We would probably want to eliminate duplicates, keep versions, and store meta-data for easy searching.
Does anyone have any experience, ideas or suggestions regarding this type of process being managed in Sharepoint? Are there any third party applications that make sense? Has anyone actually done something like this before.
Thanks in advance for your help.
Vikki McCormick
Sort of. I have never worked with a Search app before. There are over 20 million files and more than 5 terabytes of data. If I test on a smaller scale it might not give me the same results as when I am fully implemented. I will have to put in extra time to figure out how it works best. So my next step should be to set up a Search application and try it out. I hear it is best to set up all your metadata first. Is that true? If so, any recommendations?
some further thoughts:
http://www.cloudsearchportal.com/are-you-considering-upgrading-to-sharepoint-2013-search/
I don’t think you’re missing anything, Vikki. In my experience, this is a common request: move everything from the fileshare to SharePoint.
You’re right, there needs to be some justification (up front) for the effort.
If search is the goal, then crawling the fileshare from SharePoint makes sense as a solution. SharePoint search is quite fast and easy to setup. However, with so many documents, you will need a good amount of server horsepower to index all of those docs.
Are you unconvinced about the benefits of SharePoint search?
Hi Phil,
Thank you for your response. I don’t think this is a lone situation when it comes to managing archive files that need to be kept around for reference, and what can be done with them. I would think of these files like a library or a history.
I guess we are looking at number 3. I really don’t want to migrate all those documents into Sharepoint at all. I know if we went through an exercise like this and wanted to spend time and money on it, it would have to be an improvement over what we have which is more of a manual search.
So what I don’t get is how Sharepoint would improve this process. I’m missing something.
Does it search a file share faster? Do you get to add some extra or customized metadata to assist your search and to help categorize the information? I only see a couple of ways of doing this.
A custom web-part or third party web-part/app that connects a fileshare to Sharepoint. Importing the documents (For me not an option). Crawling the FileShare.
What would offer the greatest benefit in managing files like this? Is there a benefit to doing this in Sharepoint? I just feel like I am missing something.
Thanks again.
Vikki
I think you need to ask the “powers that be” one question – why?
1) Does the organisation need to collaborate around millions of files with version control, checkout, approvals, workflows etc.?
2) Is the aim to get a handle on permissions and push the burden of permissions management off IT’s plate and onto the business units (end users)?

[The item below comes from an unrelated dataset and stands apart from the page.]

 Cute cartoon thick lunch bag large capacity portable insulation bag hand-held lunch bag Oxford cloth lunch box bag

3) Is it a matter of search?
If the answer to question #1 is “yes”, then you need to figure out whether all of that data really needs to migrate to SharePoint. Unless the organisation is home to tens of thousands of users, much of that documentation is bound to be historical/archival. What are the advantages to having that material living in SharePoint?

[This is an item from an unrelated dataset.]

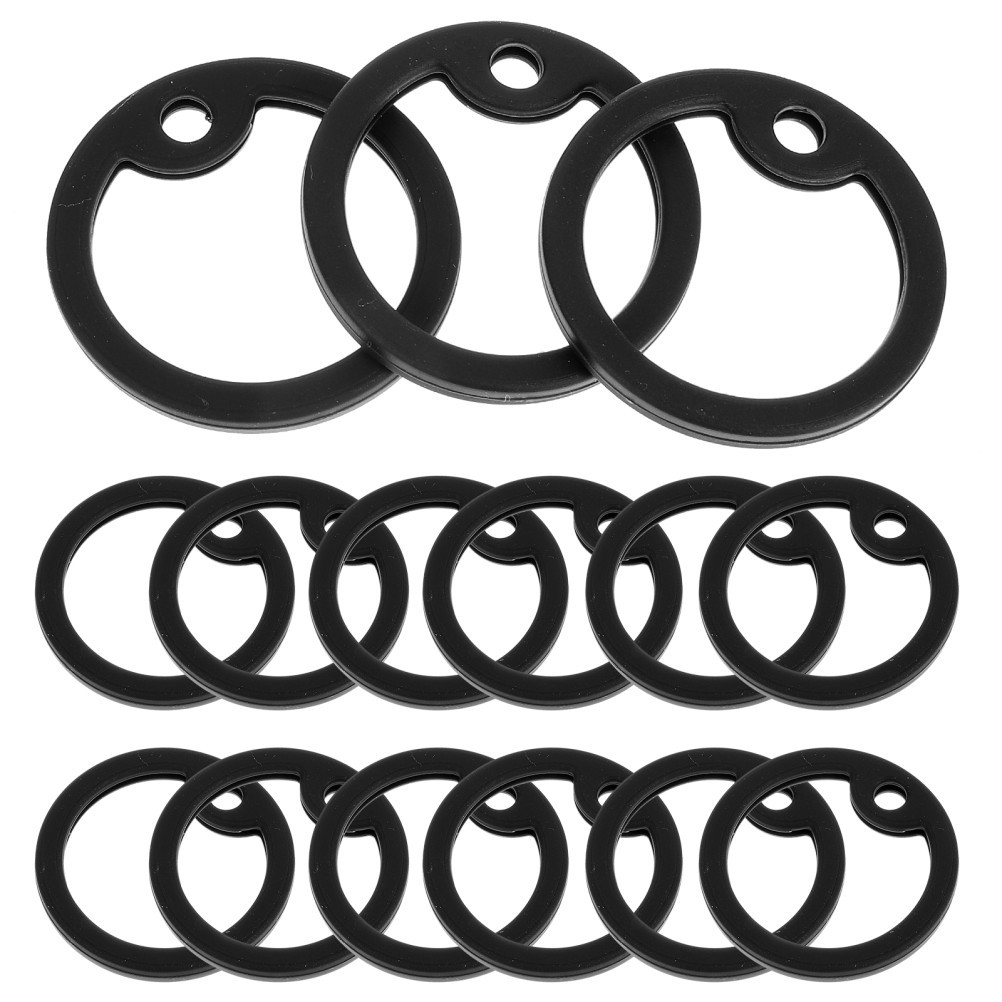15Pcs Reusable Silicone Dog Tag Silencers Black for Pets with Noise Reduction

If the answer to question #2 is “yes”, then I would be wary of the consequences here. Do end users want the responsibility of managing permissions on their own? Can they handle the responsibility (both from a technical and workload perspective)? What about compliance?
If the answer to #3 is “yes”, then you can simply counter by crawling the existing fileshare with SharePoint. Might need to build up/out your farm a bit to handle the load, but it’s definitely doable.
Certainly, there are tools to migrate all of these documents into SharePoint. But why? There was a time when it made no sense to undertake such an operation because everything was stored in the content databases, but that time has passed. With RBS and shredded storage in 2013, this endeavour is completely possible.
Again, why?
Note that there are also tools out there for simply “connecting” fileshare documents to SharePoint without migrating them. Look at DocAve Connector, for example.
The “fancy fileshare” solution is the oldest trick in the book for managers hungry to dive into the SharePoint world. Hopefully this isn’t an “adoption” mission!